Rod Serling’s Closing Narration:
“Picture of a man who will not see anything he does not choose to see, including his own death. A man of such indomitable will that even the two men beneath his command are not allow to see the truth; which truth is that they are no longer among the living, that the movements they make and the words they speak have all been made and spoken countless times before, and will be made and spoken countless times again, perhaps even unto eternity. Picture of a latter-day Flying Dutchman, sailing into The Twilight Zone.” 

Commentary: 

“He stood before the bodies. His foot bumped into one of them as he held himself from going down any further, as he shifted his weight on the incline.
            Now he heard Mickey’s footsteps, his voice. A whisper. A bated, horrified whisper.
            ‘Mother of God.’
            Nothing from Ross. Nothing from any of them then but stares and shuddering breaths.
            Because the twisted bodies on the floor were theirs, all three of them. And all three dead.”

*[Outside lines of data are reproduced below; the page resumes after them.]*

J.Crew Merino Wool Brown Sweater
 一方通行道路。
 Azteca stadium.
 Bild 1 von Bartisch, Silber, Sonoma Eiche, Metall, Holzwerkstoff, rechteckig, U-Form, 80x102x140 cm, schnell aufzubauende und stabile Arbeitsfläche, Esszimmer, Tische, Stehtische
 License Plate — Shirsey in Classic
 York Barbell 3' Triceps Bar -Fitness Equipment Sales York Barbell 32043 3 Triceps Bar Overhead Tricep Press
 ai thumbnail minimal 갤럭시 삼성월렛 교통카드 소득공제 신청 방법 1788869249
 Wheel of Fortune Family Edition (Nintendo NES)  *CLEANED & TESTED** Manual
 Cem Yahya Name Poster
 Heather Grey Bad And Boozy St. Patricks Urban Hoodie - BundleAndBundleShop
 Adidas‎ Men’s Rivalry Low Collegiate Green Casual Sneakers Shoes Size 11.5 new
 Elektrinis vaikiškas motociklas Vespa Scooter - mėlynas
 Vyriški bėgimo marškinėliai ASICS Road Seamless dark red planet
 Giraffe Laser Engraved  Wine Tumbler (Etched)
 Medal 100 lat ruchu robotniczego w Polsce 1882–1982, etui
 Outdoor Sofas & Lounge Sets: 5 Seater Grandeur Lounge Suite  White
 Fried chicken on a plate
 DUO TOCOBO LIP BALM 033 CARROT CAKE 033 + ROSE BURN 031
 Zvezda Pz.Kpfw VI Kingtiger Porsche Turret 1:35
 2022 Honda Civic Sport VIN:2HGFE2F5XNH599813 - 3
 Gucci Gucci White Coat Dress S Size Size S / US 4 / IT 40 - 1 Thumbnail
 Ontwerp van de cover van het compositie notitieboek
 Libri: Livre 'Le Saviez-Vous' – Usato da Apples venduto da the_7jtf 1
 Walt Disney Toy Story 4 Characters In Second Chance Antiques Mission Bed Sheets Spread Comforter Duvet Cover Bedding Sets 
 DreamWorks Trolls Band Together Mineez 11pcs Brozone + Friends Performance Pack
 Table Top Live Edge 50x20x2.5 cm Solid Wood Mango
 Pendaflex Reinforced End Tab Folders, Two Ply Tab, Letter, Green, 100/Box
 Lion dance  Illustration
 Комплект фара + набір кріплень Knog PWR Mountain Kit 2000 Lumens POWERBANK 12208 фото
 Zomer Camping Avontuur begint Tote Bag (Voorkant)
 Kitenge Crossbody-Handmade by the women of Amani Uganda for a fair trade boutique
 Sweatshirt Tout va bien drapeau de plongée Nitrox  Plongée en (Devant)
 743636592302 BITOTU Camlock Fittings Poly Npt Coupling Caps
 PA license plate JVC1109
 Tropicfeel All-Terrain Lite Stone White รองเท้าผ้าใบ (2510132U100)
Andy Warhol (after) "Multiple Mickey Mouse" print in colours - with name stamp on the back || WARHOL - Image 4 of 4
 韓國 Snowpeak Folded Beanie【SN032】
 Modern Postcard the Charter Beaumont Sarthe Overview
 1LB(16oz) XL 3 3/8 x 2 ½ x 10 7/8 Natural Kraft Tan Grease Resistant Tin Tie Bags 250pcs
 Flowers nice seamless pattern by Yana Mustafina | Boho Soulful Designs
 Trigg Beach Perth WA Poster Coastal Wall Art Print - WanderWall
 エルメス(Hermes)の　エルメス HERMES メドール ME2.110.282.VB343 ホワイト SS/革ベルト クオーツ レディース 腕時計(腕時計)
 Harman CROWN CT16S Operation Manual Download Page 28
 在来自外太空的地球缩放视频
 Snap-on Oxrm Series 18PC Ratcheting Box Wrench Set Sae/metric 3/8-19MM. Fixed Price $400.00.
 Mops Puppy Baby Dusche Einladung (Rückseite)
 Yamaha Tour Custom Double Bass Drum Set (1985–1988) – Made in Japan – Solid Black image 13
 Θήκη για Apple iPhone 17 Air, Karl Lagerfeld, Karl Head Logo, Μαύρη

                                    -“Death Ship” by Richard Matheson

Ross Elliott & Fredrick Beir
            To this point writer Richard Matheson appeared reluctant to adapt his own short stories for the series. This reluctance abated by the fourth season as five of Matheson’s final six teleplays were adaptations of previously published stories, compared to only one (“Little Girl Lost”) among his first eight scripts. Matheson was a busy writer during 1963, scripting an episode of The Alfred Hitchcock Hour (“The Thirty-First of February”), two films for American International Pictures (The Raven and The Comedy of Terrors), and four episodes of The Twilight Zone. Whether Matheson felt overworked during this period is difficult to say but it is not unreasonable to assume that Matheson decided to approach previously published material to facilitate quick work without sacrificing quality. Some of Matheson’s most powerful and fondly remembered episodes, “Death Ship,” “Steel,” “Night Call,” “Nightmare at 20,000 Feet,” were adaptations of his stories.
            There is also the likelihood that the series expansion to a one-hour format encouraged Matheson to look at expanding some of his stories. Matheson was vocal in his dislike of the hour-long change though he likely relished the opportunity to take another run at some of his older stories with the opportunity to rework the material for the dramatic medium. 

Ed Emshwiller magazine
illustration for "Death Ship"
            “Death Ship” was originally published in the March, 1953 issue of Fantastic Story Magazine. Matheson changed little about the story and the resultant episode functions primarily as an expansion of the material, particularly in relation to the two extended afterlife sequences for the characters of Carter and Mason (absent in the story). Although a decade separated the publication of the original story and Matheson’s adaptation for The Twilight Zone, little needed to be altered in the original narrative to suit the series. Matheson lifted Rod Serling’s opening narration nearly whole from his original story. It reads in the story thus: “In a little while they’d land and take specimens. Mineral, vegetable, animal – if there were any. Put them in the storage lockers and take them back to Earth. There the technicians would evaluate, appraise, judge. And, if everything was acceptable, stamp the big, black INHABITABLE on their brief and open another planet for colonization from overcrowded Earth.”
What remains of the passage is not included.